As Patrick Wolfe has explained, settler colonialism is a unique colonial formation wherein settlers seek to ‘replace’ natives on their land. Unlike in plantation colonies, in settler colonies Europeans sought a permanent stake in the land, rather than the more detached opportunity simply to exploit its resources.[28] Accordingly, in the Caribbean colonies, Britain’s interest lay in securing a cheap labour force (initially through slavery but, post-emancipation in 1834, through waged labour), but in the Australian colonies, the priority was wresting exclusive control of the land.[29] Within this comparative structural framework, Eyre’s administrations highlight the central issues at stake in the colonial governance of settler and plantation economies.

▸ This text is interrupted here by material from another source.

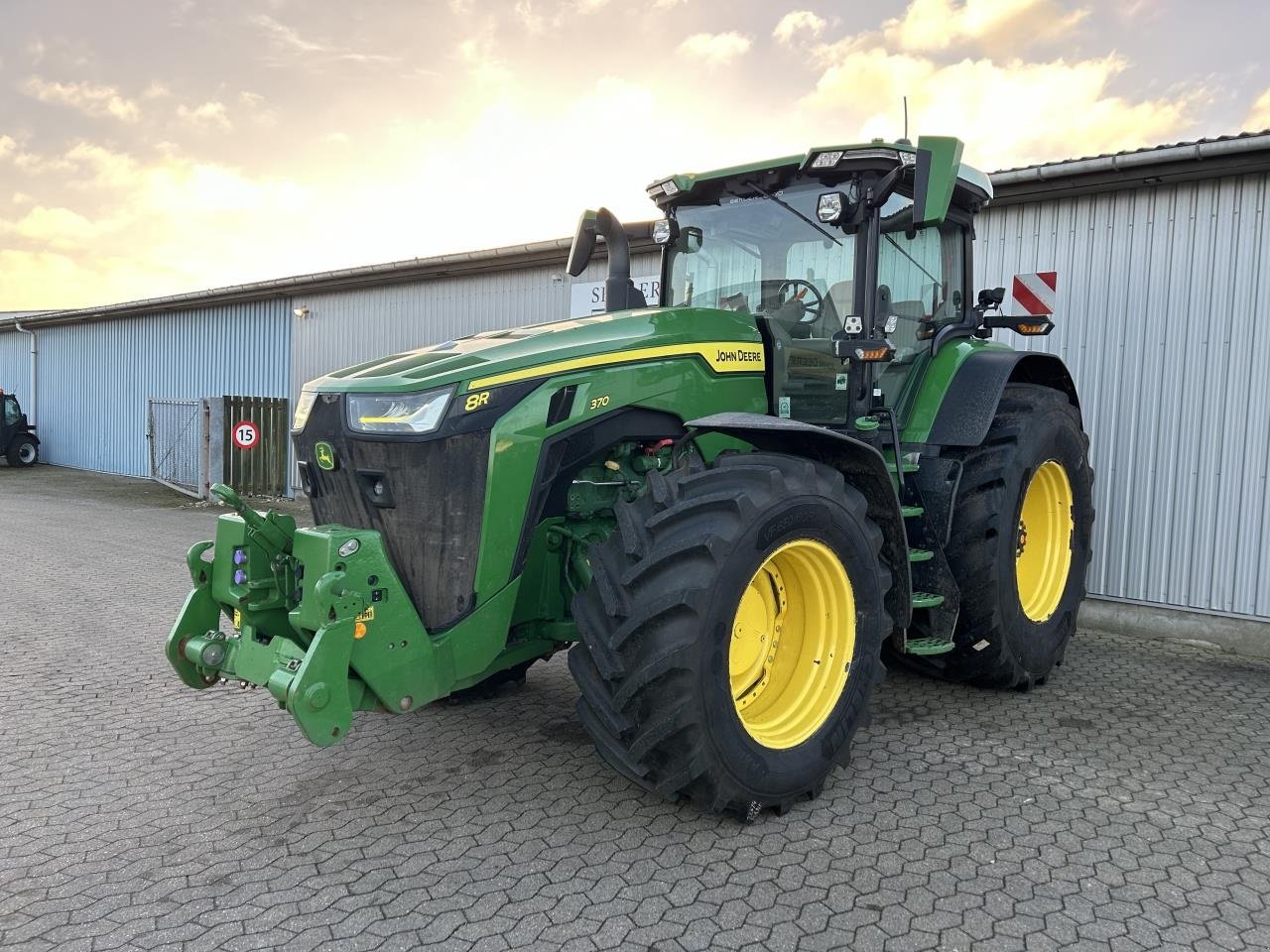 Traktor типа John Deere 8R 370, Gebrauchtmaschine в Bramming (Фотография 8)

In the Australian case, Eyre’s writings demonstrate how the Indigenous population’s claims to sovereignty could threaten British intentions if they could not be suitably diminished. That is, while his Journals of Expeditions of Discovery[30] put forth the case for Aboriginal sovereignty, his later pronouncements outline a system for ensuring its rapid demise. In the remote desert regions, Eyre came to depend on Aborigines for his very survival. While some explorers might have been less willing to expose themselves in this way,[31] Eyre’s openness to expressing his vulnerability led him to seek other ways of knowing the land, enabling him to survive in extraordinarily harsh circumstances by locating mounds of edible eggs among the desert dunes, for example, or collecting early morning dew from native bushes. It was during this period that Eyre came to appreciate more fully Aboriginal peoples’ attachments to land and the ‘injustice…of the white man’s intrusion upon [their] territory’. Explaining their actions in defending their sovereign presence, Eyre asserted that ‘our being in their country at all is, so far as their ideas of right and wrong are concerned, altogether an act of intrusion and aggression’.[32] In recognising that ‘our presence and settlement, in any particular locality, do, in point of fact, actually dispossess the aboriginal inhabitants’, Eyre makes a further plea against settler violence against them:
That as we ourselves have laws, customs, or prejudices, to which we attach considerable importance and the infringement of which we consider either criminal or offensive, so have the natives theirs, equally, perhaps, dear to them, but which, from our ignorance or heedlessness, we may be continually violating, and can we wonder that they should sometimes exact the penalty of infraction? [D]o we not do the same? [O]r is ignorance a more valid excuse for civilized man than the savage?[33]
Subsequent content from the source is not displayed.